CoinDesk publicó una columna que sostiene que las stablecoins, concebidas como una fuerza para transformar las finanzas, han terminado funcionando en gran medida como efectivo inactivo. El planteamiento desplaza el foco desde la adopción visible hacia la utilidad real dentro del ecosistema cripto.
¿Por qué importa?
El punto importa porque las stablecoins ocupan un lugar central en la narrativa cripto: suelen verse como una vía para mover valor de forma más eficiente y conectar mercados digitales con dinero tradicional. Si su uso principal se reduce a conservar saldos sin mayor actividad, la pregunta para empresas, usuarios y participantes del mercado es si están resolviendo un problema financiero amplio o si funcionan sobre todo como reserva operativa dentro del propio ecosistema.
CoinDesk publicó una opinión en la que plantea que las stablecoins no han cumplido plenamente la ambición con la que fueron presentadas: alterar de forma profunda el sistema financiero. Según el enfoque del artículo, en lugar de convertirse en una herramienta ampliamente dinámica para nuevos usos financieros, han terminado pareciéndose más a efectivo que permanece inactivo.
El punto importa porque las stablecoins ocupan un lugar central en la narrativa cripto: suelen verse como una vía para mover valor de forma más eficiente y conectar mercados digitales con dinero tradicional.

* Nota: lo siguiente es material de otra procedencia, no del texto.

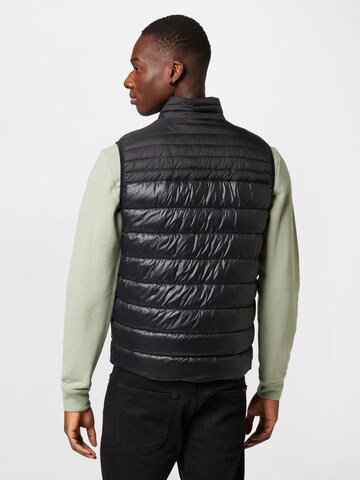 BOSS Bodywarmer 'Odeno' in Zwart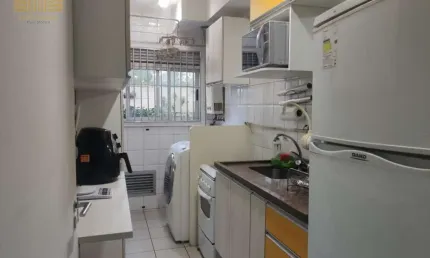 Apartamento com 2 quartos à venda na Rua José Fernandes Caldas, 120, Cursino, São Paulo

Si su uso principal se reduce a conservar saldos sin mayor actividad, la pregunta para empresas, usuarios y participantes del mercado es si están resolviendo un problema financiero amplio o si funcionan sobre todo como reserva operativa dentro del propio ecosistema.
La columna también sugiere una tensión entre la promesa original y el comportamiento observado. Una tecnología pensada para impulsar cambios en pagos, liquidez o infraestructura financiera puede perder fuerza si se convierte principalmente en dinero aparcado, incluso cuando conserve importancia para quienes ya operan en cripto.
Ese contraste no invalida el papel de las stablecoins, pero sí obliga a medirlas por su utilidad concreta y no solo por su potencial. Para el sector, el debate queda centrado en si estos activos pueden pasar de ser una forma cómoda de mantener efectivo digital a una pieza más activa de la infraestructura financiera.